Back in September, students in EEB321 were asked to identify trees in their local environment to investigate the relationship between biodiversity and area. When I took my first neighborhood walk to study the trees near the closed gates of Brooklyn College, I had some trouble with identifying trees using their leaves. To avoid further scrutiny by residents who saw me staring up at trees with a clipboard, I decided to take some samples back to my apartment. I had unintentionally kept one of those leaves in my desk drawer so when I was first trying out the foldscope in late October, I inspected a piece of that now-crinkly leaf and observed the following:
Even though the leaf was technically dead for weeks, it was surprisingly still green! I guessed the chlorophyll just hadn’t decomposed yet. I am not an expert in botany by any means, so I wonder if the presence of green pigment indicates the cells are still alive (the brown blob is probably an example of a dead cell). If that is the case, then I wonder why the leaf is able to maintain the pigment/chlorophyll if it hasn’t received much water or sunlight in my desk drawer.

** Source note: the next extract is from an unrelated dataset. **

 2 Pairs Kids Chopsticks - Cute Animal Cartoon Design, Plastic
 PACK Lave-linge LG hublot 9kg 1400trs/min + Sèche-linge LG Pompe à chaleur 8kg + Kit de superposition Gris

Two weeks later, I tried to find something else interesting to look under the foldscope and after looking at some of my own skin cells, I ended up returning to the same piece of leaf on the slide. I predicted that the majority of the cells would have died/turned brown, but oddly found that not much had changed about the leaf:
Although I had looked at a different part of the sample in the slide, I still saw that most of the cells were green. I find it puzzling why these plant cells are still alive after being in my drawer for almost two months. Perhaps the plastic strips I had used to stick the leaf tissue to the slide had preserved them? To test this, I took a new piece of leaf tissue and look at it under the foldscope:
The cells are clearly still alive and well – they’re zombies! Maybe I’ll keep checking on these leaf cells for the remainder of the semester to see how long the pigment lasts.
I conducted this project as part of Professor Pringle’s EEB321 class at Princeton University.